August 11, 2008 · 1 Comment

One billion. That’s the number of people who tuned in to watch the USA-China Olympic basketball game on Sunday. One seventh of all the people on the planet. We can talk about opening ceremonies, Super Bowls and World Cups, but basketball has never found itself under as bright of a spotlight as the scene on Sunday.

The score in the United States’ 101-70 victory cannot overshadow the perfect storm of basketball’s past, present and future coming together for one massive coming-out party for two distinctive spheres of the sport.

Located inside the eye of this storm is Yao Ming, unquestionably the most important basketball player in the world. Lebron James may be richer, and Kobe Bryant more successful, but Yao’s outstretched frame marks the dividing line between the NBA and commissioner David Stern’s attempt to market basketball to the 300 million Chinese basketball fans who have been voting Yao into every All-Star game since he entered the NBA.

And on Sunday, you could tell the Americans were well aware of the importance of marketing their product. Kobe Bryant and Lebron James, the two best players on what is unofficially referred to as the “redeem team”, put on a show of high flying dunks and glitzy passes, much to the amusement of the riotous crowd.

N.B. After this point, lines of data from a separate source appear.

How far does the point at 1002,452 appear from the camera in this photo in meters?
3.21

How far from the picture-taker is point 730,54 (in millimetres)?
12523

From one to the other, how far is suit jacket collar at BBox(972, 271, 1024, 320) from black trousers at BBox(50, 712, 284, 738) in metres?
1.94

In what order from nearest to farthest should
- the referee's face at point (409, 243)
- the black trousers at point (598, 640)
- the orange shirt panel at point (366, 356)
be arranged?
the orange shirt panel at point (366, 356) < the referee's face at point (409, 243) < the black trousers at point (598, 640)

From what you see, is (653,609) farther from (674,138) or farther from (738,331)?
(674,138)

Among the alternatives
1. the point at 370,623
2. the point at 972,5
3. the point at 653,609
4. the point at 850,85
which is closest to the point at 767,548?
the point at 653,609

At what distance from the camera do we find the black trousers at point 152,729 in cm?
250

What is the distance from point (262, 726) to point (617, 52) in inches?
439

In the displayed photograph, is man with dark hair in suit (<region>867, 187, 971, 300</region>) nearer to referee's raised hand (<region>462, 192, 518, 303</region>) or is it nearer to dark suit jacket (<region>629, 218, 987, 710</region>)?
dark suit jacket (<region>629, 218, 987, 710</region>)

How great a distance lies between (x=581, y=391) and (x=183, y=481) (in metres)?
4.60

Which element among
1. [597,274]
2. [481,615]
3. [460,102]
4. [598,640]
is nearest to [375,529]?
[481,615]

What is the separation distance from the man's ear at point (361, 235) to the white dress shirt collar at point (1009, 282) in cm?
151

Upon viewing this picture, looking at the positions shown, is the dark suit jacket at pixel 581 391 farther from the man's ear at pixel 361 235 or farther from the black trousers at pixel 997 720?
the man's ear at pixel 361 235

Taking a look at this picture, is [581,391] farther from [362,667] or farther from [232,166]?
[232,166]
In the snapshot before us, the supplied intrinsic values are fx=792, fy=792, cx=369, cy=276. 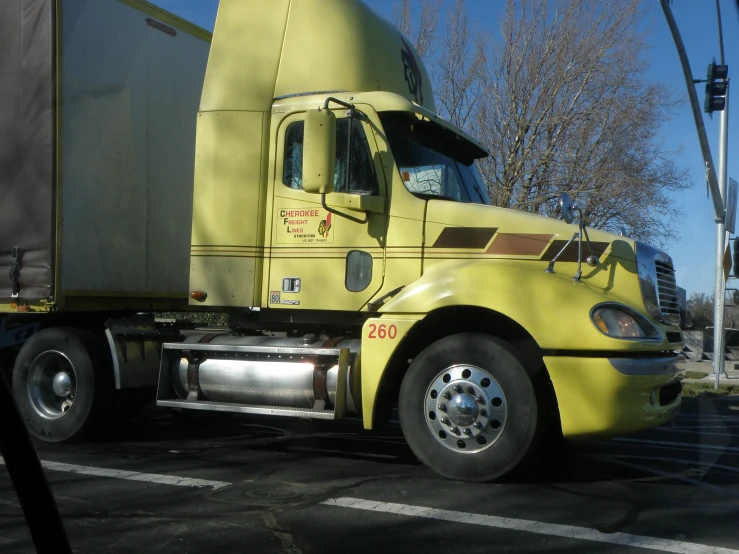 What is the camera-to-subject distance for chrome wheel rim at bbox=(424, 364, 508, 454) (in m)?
5.40

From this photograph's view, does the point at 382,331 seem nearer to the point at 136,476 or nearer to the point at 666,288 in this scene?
the point at 136,476

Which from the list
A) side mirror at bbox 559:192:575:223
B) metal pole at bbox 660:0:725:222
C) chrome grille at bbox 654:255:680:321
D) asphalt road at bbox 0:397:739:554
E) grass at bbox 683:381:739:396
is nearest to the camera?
asphalt road at bbox 0:397:739:554

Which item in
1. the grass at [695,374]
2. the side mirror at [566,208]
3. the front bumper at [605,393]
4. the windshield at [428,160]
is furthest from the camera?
the grass at [695,374]

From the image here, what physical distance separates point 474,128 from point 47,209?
18.5 metres

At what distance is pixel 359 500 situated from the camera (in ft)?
16.5

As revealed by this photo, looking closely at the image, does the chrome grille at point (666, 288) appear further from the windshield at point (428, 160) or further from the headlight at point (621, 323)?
the windshield at point (428, 160)

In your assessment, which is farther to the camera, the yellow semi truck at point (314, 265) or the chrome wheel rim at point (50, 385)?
the chrome wheel rim at point (50, 385)

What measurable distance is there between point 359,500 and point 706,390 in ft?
31.6

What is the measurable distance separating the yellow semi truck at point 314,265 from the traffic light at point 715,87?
29.4 ft

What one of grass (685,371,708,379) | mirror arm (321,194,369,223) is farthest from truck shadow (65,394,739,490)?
grass (685,371,708,379)

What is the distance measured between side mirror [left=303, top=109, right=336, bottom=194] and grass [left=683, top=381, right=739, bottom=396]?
8738 mm

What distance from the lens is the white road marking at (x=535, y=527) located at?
13.2 feet

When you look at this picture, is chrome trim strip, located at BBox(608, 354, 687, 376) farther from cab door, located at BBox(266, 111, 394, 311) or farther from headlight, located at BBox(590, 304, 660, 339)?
cab door, located at BBox(266, 111, 394, 311)

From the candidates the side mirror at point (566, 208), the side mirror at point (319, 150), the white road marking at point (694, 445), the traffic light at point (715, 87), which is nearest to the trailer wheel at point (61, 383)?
the side mirror at point (319, 150) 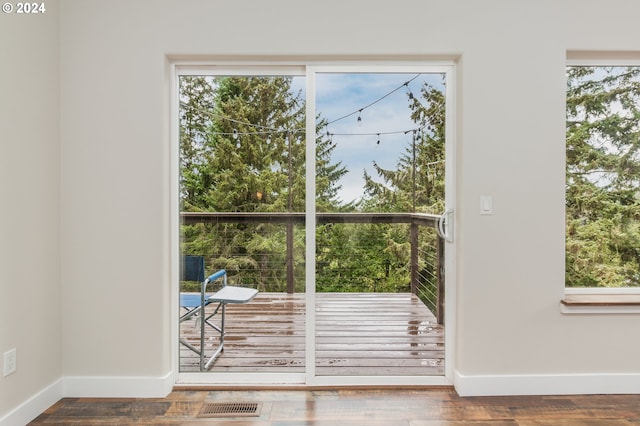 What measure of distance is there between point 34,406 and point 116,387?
402 mm

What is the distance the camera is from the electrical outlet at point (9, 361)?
2037mm

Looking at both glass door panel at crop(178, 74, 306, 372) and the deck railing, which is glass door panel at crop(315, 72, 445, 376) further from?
glass door panel at crop(178, 74, 306, 372)

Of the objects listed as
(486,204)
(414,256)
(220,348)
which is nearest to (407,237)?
(414,256)

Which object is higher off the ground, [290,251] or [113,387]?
[290,251]

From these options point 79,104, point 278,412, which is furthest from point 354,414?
point 79,104

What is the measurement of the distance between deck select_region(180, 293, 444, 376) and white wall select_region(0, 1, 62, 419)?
78 cm

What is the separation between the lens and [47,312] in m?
2.32

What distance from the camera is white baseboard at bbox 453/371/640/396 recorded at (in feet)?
8.04

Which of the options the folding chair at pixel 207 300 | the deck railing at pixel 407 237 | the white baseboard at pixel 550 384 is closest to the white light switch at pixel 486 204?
the deck railing at pixel 407 237

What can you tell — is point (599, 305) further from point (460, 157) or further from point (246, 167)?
point (246, 167)

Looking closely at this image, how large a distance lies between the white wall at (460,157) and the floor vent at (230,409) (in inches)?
15.3

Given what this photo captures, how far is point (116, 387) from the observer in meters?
2.44

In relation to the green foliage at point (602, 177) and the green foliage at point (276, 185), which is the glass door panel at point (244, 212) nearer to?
the green foliage at point (276, 185)

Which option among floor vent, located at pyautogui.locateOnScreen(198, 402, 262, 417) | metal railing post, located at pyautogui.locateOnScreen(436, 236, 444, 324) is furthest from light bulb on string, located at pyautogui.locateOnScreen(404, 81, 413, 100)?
floor vent, located at pyautogui.locateOnScreen(198, 402, 262, 417) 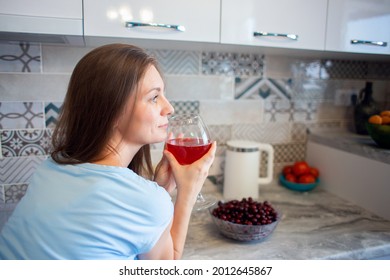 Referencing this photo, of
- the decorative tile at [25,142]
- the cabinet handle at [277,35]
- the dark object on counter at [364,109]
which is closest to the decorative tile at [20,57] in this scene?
the decorative tile at [25,142]

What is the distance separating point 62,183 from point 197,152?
0.32m

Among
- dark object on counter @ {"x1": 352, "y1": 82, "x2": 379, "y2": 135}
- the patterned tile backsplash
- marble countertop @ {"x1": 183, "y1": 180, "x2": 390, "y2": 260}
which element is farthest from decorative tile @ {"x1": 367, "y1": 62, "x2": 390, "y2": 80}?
marble countertop @ {"x1": 183, "y1": 180, "x2": 390, "y2": 260}

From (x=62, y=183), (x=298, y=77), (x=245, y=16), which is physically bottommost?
(x=62, y=183)

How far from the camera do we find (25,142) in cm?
118

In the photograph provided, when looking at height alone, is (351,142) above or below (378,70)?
below

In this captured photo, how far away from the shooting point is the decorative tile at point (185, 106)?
1.33 metres

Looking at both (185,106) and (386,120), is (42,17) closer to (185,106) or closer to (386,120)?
(185,106)

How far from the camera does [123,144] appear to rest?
2.38 feet

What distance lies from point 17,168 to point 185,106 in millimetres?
685

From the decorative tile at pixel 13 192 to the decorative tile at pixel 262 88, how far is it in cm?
94

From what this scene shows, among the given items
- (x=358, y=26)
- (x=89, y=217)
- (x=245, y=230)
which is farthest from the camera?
(x=358, y=26)

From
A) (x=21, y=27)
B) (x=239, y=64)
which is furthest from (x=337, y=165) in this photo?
(x=21, y=27)

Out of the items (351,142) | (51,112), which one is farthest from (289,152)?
(51,112)

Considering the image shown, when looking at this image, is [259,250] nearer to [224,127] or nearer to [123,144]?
[123,144] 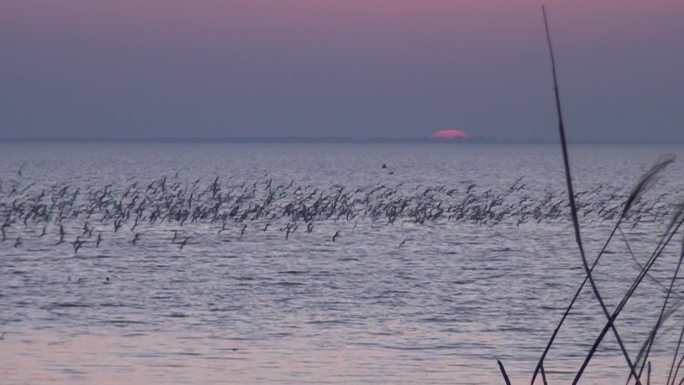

“Look, I had five dunks in one game. Last time I had five dunks in the game, I was like, 17,” Kobe Bryant said. “That’s all because of the energy in the crowd. I think they knew that history was being made. It was amazing. It was a proud moment for their country as it was for ours. You could feel the electricity.”

Five dunks in a game for the first time in 13 years for Kobe Bryant? Please try to tell me with a straight face that is a coincidence. Lebron James also had a few dunks of his own, but as the only member of the team to have a working knowledge of Mandarin Chinese, something tells me Lebron has been preparing for this game for quite some time.

The USA basketball team has taken a lot of heat ever since it stumbled to a bronze finish in Athens four years ago. And although it’s easy to criticize the US players for failing to dominate a sport invented by their home country, the outpouring of Chinese fans who came to witness Kobe and Lebron battle Yao Ming is proof that basketball is a microcosm of globalization in general, and any stumbles can be more related to birth pains, than a sign that the sport is in trouble of any kind.

Sixteen years ago, the Dream Team led by Michael Jordan, Magic Johnson, and Larry Bird waved an American flag in one hand, and the steering wheel of a steamroller in the other, as the US cruised over an unprepared international field. It took only ten years from that date before the US relinquished the gold medal podium to Yugoslavia, and the Americans haven’t won the gold since. I’m sure if you asked the hyper-competitive Jordan in 1992 whether the USA basketball would lose its place as the best team in the world within his lifetime, he would have laughed in your face.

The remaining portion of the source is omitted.